Tiens, te rappelles-tu de ta « rencontre » avec Daniel Johnston ?
Xavier Lelièvre : Je ne me souviens plus par le biais de quel groupe je l’ai découvert, mais je sais que c’était par cet intermédiaire, à savoir en me baladant sur youtube, un titre en appelant un autre, etc. On peut parler de hasard finalement, qui pour le coup a plutôt bien fait les choses ! Les premiers morceaux en revanche, je m’en souviens, puisqu’il s’agissait de Honey, I Sure Miss You puis True Love Will Find You In The End. Impossible donc de sortir indemne de ce genre d’expérience phonographique ! Par la suite, j’ai rapidement visionné le documentaire tout à fait extraordinaire de Jeff Feuerzeig, The Devil And Daniel Johnston : trop tard, j’étais addict !
Quelle est ta chanson préférée de Daniel Johnston ? Ton disque préféré ?

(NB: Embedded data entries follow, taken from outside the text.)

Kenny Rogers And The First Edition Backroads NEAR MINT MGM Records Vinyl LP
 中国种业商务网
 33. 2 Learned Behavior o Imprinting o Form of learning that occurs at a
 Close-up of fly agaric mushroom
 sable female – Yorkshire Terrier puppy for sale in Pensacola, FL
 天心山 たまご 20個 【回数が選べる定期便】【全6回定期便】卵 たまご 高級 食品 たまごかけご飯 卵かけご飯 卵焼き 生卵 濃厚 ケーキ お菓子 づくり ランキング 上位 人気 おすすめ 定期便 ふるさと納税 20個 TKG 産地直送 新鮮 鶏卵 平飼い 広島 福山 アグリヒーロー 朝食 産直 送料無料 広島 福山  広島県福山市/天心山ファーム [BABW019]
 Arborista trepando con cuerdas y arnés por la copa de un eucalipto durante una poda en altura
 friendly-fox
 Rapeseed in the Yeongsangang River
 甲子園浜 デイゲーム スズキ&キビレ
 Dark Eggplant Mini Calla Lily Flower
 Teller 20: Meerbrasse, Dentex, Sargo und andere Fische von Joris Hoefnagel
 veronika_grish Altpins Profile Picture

Xavier Lelièvre : Sa première cassette, Songs Of Pain, reste celle qui, avec les trois suivantes, exprime au mieux selon moi sa pure expression pop. Tout n’est que Beatles et mélodies incroyables !
Daniel Johnston - Songs Of Pain
Quant à mon titre préféré, je vais avoir du mal à répondre. Disons Grievances, mais rien d’immuable ! Ce qui est sûr, c’est que je suis davantage touché par ses premiers enregistrements.
Sorry Entertainer – La production artistique de Daniel Johnston de 1979 à 1986 de Xavier Lelièvre est édité par Camion Blanc.